WHAT TO DO: Every line of the material is to be duplicated precisely.
--- SUPPLIED DATA Enclosed Below ---
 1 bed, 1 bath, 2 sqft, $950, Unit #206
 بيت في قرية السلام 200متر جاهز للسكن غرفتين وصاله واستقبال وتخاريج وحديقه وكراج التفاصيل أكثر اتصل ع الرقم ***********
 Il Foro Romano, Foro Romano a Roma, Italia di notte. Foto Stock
--- End of Enclosed SUPPLIED DATA ---
OUTPUT:
 1 bed, 1 bath, 2 sqft, $950, Unit #206
 بيت في قرية السلام 200متر جاهز للسكن غرفتين وصاله واستقبال وتخاريج وحديقه وكراج التفاصيل أكثر اتصل ع الرقم ***********
 Il Foro Romano, Foro Romano a Roma, Italia di notte. Foto Stock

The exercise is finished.